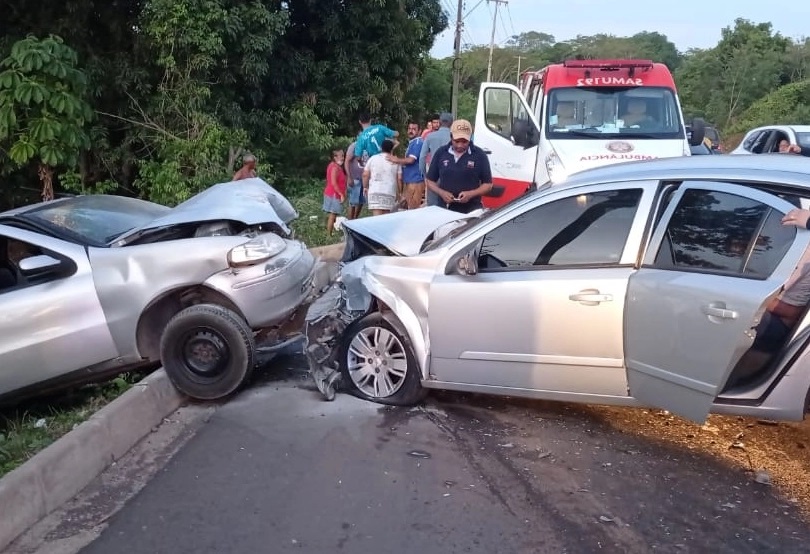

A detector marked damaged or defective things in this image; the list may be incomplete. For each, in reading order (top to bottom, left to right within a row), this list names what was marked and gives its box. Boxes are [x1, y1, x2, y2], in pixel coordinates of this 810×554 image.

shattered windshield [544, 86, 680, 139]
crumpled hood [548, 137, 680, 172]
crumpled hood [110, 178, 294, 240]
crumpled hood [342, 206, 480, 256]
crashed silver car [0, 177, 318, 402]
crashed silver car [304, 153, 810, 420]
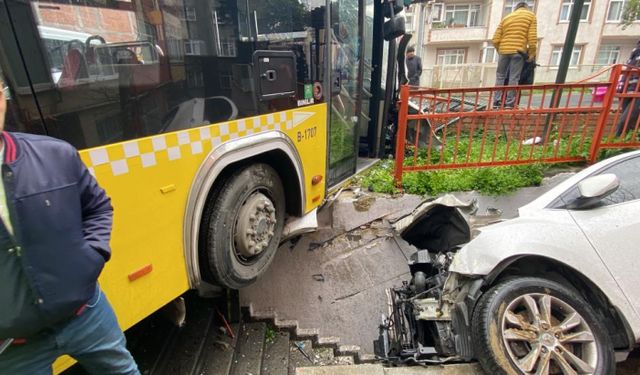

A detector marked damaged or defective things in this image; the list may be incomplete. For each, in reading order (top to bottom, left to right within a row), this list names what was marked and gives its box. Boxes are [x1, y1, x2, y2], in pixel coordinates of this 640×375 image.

....

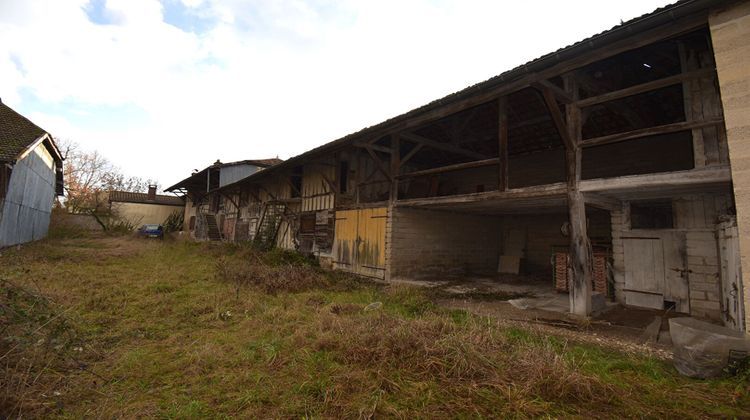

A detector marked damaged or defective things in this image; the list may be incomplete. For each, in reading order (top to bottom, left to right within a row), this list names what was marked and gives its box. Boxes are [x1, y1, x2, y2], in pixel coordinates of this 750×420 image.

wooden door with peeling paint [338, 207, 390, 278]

....

Give again the stretch of lines above from the one with "this 810×554 image." through the one with "this 640×375 image.", both ends kept, and copy no pictures.

A detector marked damaged or defective things in this image; the list may be incomplete. For each, in reading order (top to bottom, left to right within a row), this list names what was marked and gives its box. Boxes are [x1, y1, x2, y2], in pixel coordinates of this 810×554 image.

shattered windshield [544, 86, 680, 139]
crumpled hood [548, 137, 680, 172]
crumpled hood [110, 178, 294, 240]
crumpled hood [342, 206, 480, 256]
crashed silver car [0, 177, 318, 402]
crashed silver car [304, 153, 810, 420]

A detector marked damaged or defective things in this image; the list may be incomplete. For each, in reading order (top to bottom, left to right within a row), this list names what was marked and gives its box. Boxes are [x1, y1, x2, y2], in pixel coordinates of this 640×375 image.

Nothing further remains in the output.